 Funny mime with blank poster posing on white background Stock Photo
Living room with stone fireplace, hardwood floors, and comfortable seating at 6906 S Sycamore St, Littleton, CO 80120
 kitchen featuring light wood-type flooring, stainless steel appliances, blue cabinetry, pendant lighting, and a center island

--

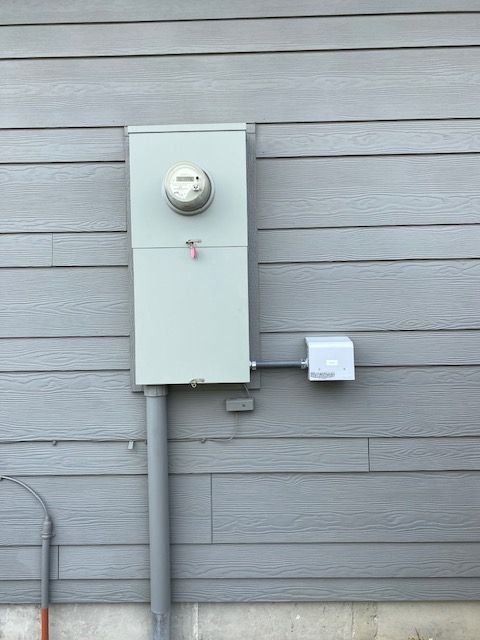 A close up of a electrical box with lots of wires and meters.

EXERCISE DESCRIPTION: Everything from the line containing "Funny mime with" through the line containing "kitchen featuring light" in the material above should be retyped exactly, both ends included, and nothing more.

RESULT BELOW:
 Funny mime with blank poster posing on white background Stock Photo
Living room with stone fireplace, hardwood floors, and comfortable seating at 6906 S Sycamore St, Littleton, CO 80120
 kitchen featuring light wood-type flooring, stainless steel appliances, blue cabinetry, pendant lighting, and a center island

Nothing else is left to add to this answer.